Texas Assistant Solicitor General Lisa Bennett, who represents the PUC, told the judges that the PUC didn’t violate Texas law because the agency’s actions were merely “a direction to ERCOT, not rulemaking.” She argued that the law “provides wide discretion” for the PUC to make such decisions.
The PUC’s actions were “taken during an extreme emergency” and because of a flaw in the system, she said.
“We were at negative reserves, but the price was not going up,” Bennett told the judges.
Baker Botts appellate partner Macey Reasoner Stokes, who represents Calpine and Talen, contended that companies like Luminant are using the litigation to “improperly shift resulting market losses to other parties.”

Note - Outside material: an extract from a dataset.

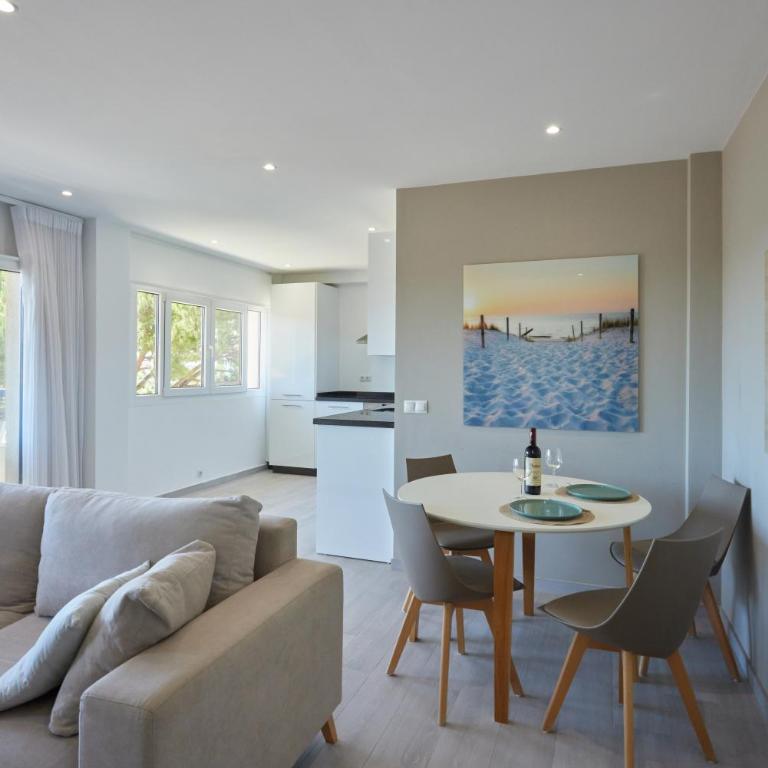Bright & Modern 2 Bedroom Apartment 300m to the Beach - Marbella - Two-Bedroom Apartment - 1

“When the emergency passed, however, market participants assessed the financial outcomes of the complex actions they and others had taken in the market during the storm, and some suffered staggering losses,” Reasoner Stokes argued. “In hindsight, some market participants now blame the PUC for their losses and argue that the orders were illegal all along.”

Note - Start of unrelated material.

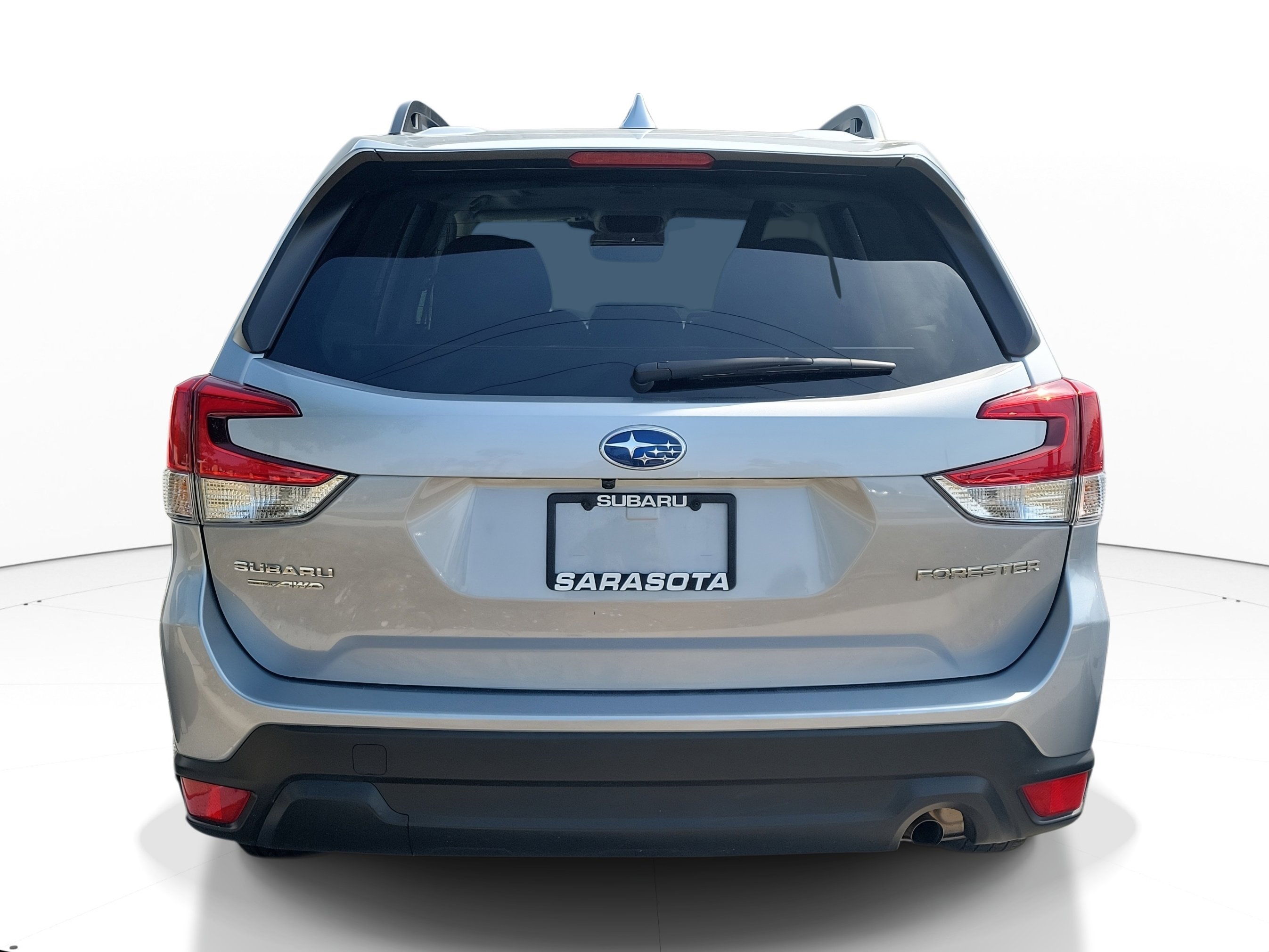 Used 2023 Subaru Forester Premium image 5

Dallas trial lawyer Chrysta Castañeda, who represents power generator DGSP2, told the judges during arguments that the PUC’s first rule was valid and that “the price of electricity was properly set at $9,000.”
Castañeda argued that the PUC’s second-day decision to repeal the retroactivity of the price change to $9,000 “gave zero reason – emergency or otherwise – to retract some of its rulemaking.” As a result, it should be declared invalid.
The case is Luminant Energy Company v. Public Utility Commission of Texas, No. 03-21-00098-CV.